To make it clear, I am looking for a simple way of adding a 90-degree-rotated histogram or density plot whose x-axis aligns with the y-axis of the example plot given below.
library(ggplot2)
library(tibble)
x <- seq(100)
y <- rnorm(100)
my_data <- tibble(x = x, y = y)
ggplot(data = my_data, mapping = aes(x = x, y = y)) +
geom_line()
Created on 2019-01-28 by the reprex package (v0.2.1)
I'd try it with either geom_histogram or geom_density, the patchwork library, and dynamically setting limits to match the plots.
Rather than manually setting limits, get the range of y-values, set that as the limits in scale_y_continuous or scale_x_continuous as appropriate, and add some padding with expand_scale. The first plot is the line plot, and the second and third are distribution plots, with the axes flipped. All have the scales set to match.
library(ggplot2)
library(tibble)
library(patchwork)
y_range <- range(my_data$y)
p1 <- ggplot(data = my_data, mapping = aes(x = x, y = y)) +
geom_line() +
scale_y_continuous(limits = y_range, expand = expand_scale(mult = 0.1))
p2_hist <- ggplot(my_data, aes(x = y)) +
geom_histogram(binwidth = 0.2) +
coord_flip() +
scale_x_continuous(limits = y_range, expand = expand_scale(mult = 0.1))
p2_dens <- ggplot(my_data, aes(x = y)) +
geom_density() +
coord_flip() +
scale_x_continuous(limits = y_range, expand = expand_scale(mult = 0.1))
patchwork allows you to simply add plots to each other, then add the plot_layout function where you can customize the layout.
p1 + p2_hist + plot_layout(nrow = 1)
p1 + p2_dens + plot_layout(nrow = 1)
I've generally seen these types of plots where the distribution is shown in a "marginal" plot—that is, setup to be secondary to the main (in this case, line) plot. The ggExtra package has a marginal plot, but it only seems to work where the main plot is a scatterplot.
To do this styling manually, I'm setting theme arguments on each plot inline as I pass them to plot_layout.
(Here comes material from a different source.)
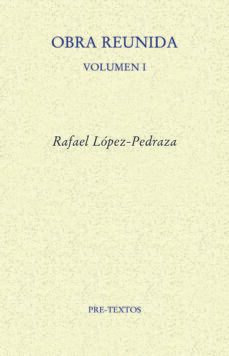 obra reunida (vol. i)-9788418935107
I took off the axis markings from the histogram so its left side is clean, and shrunk the margins on the sides of the two plots that meet. In plot_layout, I'm scaling the widths so the histogram appears more in the margins of the line chart. The same could be done with the density plot.
(p1 +
theme(plot.margin = margin(r = 0, unit = "pt"))
) +
(p2_hist +
theme(axis.text.y = element_blank(),
axis.ticks.y = element_blank(),
axis.title.y = element_blank(),
plot.margin = margin(l = 0, unit = "pt"))
) +
plot_layout(nrow = 1, widths = c(1, 0.2))
Created on 2019-01-28 by the reprex package (v0.2.1)
You can try using geom_histogram or geom_density, however it's a little bit complicated as you have to rotate axis for them (while keeping original orientation for geom_line). I would use geom_violin (which is a density plot, but mirrored). If you want to get only one sided violin plot you can use custom geom_flat_violin geom. It was first posted by #David Robinson on his gists.
I used this geom in different answer, however I don't think that it's a duplicate as you need to put it at the end of the plot and combine with different geom.
Final code is:
library(ggplot2)
ggplot(data.frame(x = seq(100), y = rnorm(100))) +
geom_flat_violin(aes(100, y), color = "red", fill = "red", alpha = 0.5, width = 10) +
geom_line(aes(x, y))
geom_flat_violin code:
library(dplyr)
"%||%" <- function(a, b) {
if (!is.null(a)) a else b
}
geom_flat_violin <- function(mapping = NULL, data = NULL, stat = "ydensity",
position = "dodge", trim = TRUE, scale = "area",
show.legend = NA, inherit.aes = TRUE, ...) {
layer(
data = data,
mapping = mapping,
stat = stat,
geom = GeomFlatViolin,
position = position,
show.legend = show.legend,
inherit.aes = inherit.aes,
params = list(
trim = trim,
scale = scale,
...
)
)
}
GeomFlatViolin <-
ggproto(
"GeomFlatViolin",
Geom,
setup_data = function(data, params) {
data$width <- data$width %||%
params$width %||% (resolution(data$x, FALSE) * 0.9)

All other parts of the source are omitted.